[Input records Boundary: Start]

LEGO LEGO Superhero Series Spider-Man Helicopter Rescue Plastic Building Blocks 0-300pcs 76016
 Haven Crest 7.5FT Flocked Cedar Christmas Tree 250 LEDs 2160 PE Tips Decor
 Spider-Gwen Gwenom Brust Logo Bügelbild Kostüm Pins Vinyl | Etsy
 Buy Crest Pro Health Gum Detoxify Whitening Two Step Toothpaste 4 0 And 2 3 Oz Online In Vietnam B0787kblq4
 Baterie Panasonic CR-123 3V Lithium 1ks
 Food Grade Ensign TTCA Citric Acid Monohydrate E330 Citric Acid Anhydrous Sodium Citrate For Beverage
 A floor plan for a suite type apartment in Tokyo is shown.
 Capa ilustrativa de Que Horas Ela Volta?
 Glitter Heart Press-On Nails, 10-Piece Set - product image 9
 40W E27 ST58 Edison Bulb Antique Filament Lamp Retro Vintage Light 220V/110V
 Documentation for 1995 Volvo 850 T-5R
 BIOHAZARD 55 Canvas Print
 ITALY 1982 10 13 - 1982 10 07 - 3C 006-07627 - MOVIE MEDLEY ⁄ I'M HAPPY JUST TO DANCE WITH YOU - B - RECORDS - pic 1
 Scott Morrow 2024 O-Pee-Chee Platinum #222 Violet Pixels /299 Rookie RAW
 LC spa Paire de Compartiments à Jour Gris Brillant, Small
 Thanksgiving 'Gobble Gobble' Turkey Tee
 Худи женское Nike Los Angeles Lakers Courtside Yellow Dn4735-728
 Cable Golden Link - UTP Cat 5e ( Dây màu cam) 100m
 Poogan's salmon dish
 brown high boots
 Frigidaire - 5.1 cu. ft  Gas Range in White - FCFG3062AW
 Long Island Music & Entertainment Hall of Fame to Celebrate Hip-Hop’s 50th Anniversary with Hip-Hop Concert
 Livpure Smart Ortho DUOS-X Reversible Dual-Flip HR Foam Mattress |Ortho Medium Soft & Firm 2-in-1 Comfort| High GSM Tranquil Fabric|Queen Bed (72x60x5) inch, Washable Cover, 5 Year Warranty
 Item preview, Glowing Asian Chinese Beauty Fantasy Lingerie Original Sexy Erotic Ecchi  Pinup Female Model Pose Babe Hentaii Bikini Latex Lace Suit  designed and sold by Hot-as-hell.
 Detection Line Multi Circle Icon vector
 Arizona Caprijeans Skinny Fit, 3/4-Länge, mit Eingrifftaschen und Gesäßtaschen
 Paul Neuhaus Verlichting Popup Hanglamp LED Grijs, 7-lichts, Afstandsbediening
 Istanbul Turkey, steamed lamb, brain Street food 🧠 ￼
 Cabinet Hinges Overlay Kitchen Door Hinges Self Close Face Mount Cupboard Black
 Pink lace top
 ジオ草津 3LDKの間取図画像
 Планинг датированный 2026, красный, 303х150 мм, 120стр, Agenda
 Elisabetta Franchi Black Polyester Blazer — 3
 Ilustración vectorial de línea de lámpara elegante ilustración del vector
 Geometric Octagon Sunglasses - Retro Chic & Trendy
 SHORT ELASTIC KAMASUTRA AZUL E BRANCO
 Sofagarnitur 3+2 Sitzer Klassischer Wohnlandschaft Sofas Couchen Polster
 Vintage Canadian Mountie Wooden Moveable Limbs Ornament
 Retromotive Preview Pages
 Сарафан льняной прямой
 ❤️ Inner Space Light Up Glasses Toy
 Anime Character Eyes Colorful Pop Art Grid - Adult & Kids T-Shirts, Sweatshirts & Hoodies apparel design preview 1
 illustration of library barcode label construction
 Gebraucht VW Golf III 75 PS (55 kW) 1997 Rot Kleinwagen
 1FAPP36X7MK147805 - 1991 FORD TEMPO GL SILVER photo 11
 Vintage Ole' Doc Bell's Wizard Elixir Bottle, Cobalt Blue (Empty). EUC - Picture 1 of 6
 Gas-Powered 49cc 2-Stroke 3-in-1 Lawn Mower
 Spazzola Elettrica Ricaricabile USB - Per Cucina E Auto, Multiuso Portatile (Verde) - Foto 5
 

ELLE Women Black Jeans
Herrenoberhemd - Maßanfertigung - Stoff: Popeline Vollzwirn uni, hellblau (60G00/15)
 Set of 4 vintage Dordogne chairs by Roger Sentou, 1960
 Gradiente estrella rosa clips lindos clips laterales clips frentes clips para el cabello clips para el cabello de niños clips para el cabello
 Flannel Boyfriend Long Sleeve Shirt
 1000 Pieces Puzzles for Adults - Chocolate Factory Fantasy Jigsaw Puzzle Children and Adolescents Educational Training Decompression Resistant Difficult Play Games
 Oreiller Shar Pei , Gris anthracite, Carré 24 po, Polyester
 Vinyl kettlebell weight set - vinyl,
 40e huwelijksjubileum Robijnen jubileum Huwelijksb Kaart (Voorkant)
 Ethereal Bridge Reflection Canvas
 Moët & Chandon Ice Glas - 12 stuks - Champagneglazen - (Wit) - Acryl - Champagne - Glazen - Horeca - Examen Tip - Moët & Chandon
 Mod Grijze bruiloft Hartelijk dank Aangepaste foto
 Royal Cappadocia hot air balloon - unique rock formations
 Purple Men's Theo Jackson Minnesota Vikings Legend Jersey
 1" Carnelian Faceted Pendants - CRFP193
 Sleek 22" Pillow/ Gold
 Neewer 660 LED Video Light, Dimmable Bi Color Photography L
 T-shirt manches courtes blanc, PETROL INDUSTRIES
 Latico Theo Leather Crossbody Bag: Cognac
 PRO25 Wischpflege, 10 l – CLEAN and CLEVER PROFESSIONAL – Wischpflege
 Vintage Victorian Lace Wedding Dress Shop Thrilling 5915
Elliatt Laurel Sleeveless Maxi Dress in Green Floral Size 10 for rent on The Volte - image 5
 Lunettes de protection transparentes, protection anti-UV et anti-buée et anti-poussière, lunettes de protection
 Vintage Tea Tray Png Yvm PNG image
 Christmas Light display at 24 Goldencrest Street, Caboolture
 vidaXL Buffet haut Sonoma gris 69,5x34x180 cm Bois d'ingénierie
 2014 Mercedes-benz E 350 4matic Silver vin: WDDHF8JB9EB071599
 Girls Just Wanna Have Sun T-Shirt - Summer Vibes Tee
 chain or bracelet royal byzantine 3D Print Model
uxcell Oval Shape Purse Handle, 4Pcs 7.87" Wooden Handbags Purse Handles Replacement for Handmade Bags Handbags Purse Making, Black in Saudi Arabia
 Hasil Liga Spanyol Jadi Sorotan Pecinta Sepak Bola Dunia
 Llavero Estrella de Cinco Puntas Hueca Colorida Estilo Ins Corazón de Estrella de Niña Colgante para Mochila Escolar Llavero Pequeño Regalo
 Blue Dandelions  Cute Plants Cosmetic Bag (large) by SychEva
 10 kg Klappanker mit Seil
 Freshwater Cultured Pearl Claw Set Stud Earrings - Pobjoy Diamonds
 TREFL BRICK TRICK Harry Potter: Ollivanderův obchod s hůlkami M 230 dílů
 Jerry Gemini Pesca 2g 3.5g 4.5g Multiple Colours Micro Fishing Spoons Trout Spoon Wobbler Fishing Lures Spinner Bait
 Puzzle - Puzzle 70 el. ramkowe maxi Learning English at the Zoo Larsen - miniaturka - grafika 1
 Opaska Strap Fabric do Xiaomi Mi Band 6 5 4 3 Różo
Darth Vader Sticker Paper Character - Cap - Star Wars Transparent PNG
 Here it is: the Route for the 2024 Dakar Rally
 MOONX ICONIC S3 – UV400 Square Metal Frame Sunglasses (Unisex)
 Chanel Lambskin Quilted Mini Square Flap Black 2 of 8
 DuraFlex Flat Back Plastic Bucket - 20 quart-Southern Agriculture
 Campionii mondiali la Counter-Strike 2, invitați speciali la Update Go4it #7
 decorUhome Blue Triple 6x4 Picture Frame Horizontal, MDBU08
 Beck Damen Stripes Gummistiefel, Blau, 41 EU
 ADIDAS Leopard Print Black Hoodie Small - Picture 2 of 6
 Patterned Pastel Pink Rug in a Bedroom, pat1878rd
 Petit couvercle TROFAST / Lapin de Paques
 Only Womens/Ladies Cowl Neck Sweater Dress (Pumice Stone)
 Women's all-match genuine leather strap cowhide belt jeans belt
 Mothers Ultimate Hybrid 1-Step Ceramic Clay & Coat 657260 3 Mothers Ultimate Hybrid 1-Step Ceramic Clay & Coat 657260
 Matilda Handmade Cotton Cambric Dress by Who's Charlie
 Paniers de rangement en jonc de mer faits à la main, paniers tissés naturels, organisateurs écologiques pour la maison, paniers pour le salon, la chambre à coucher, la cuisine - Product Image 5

[Input records Boundary: End]

* What the exercise asks
Go to the line holding "Beck Damen Stripes Gummistiefel, Blau, 41 EU" in the entries above and return it, along with every line after it, exactly as written.

* Answer to the problem
 Beck Damen Stripes Gummistiefel, Blau, 41 EU
 ADIDAS Leopard Print Black Hoodie Small - Picture 2 of 6
 Patterned Pastel Pink Rug in a Bedroom, pat1878rd
 Petit couvercle TROFAST / Lapin de Paques
 Only Womens/Ladies Cowl Neck Sweater Dress (Pumice Stone)
 Women's all-match genuine leather strap cowhide belt jeans belt
 Mothers Ultimate Hybrid 1-Step Ceramic Clay & Coat 657260 3 Mothers Ultimate Hybrid 1-Step Ceramic Clay & Coat 657260
 Matilda Handmade Cotton Cambric Dress by Who's Charlie
 Paniers de rangement en jonc de mer faits à la main, paniers tissés naturels, organisateurs écologiques pour la maison, paniers pour le salon, la chambre à coucher, la cuisine - Product Image 5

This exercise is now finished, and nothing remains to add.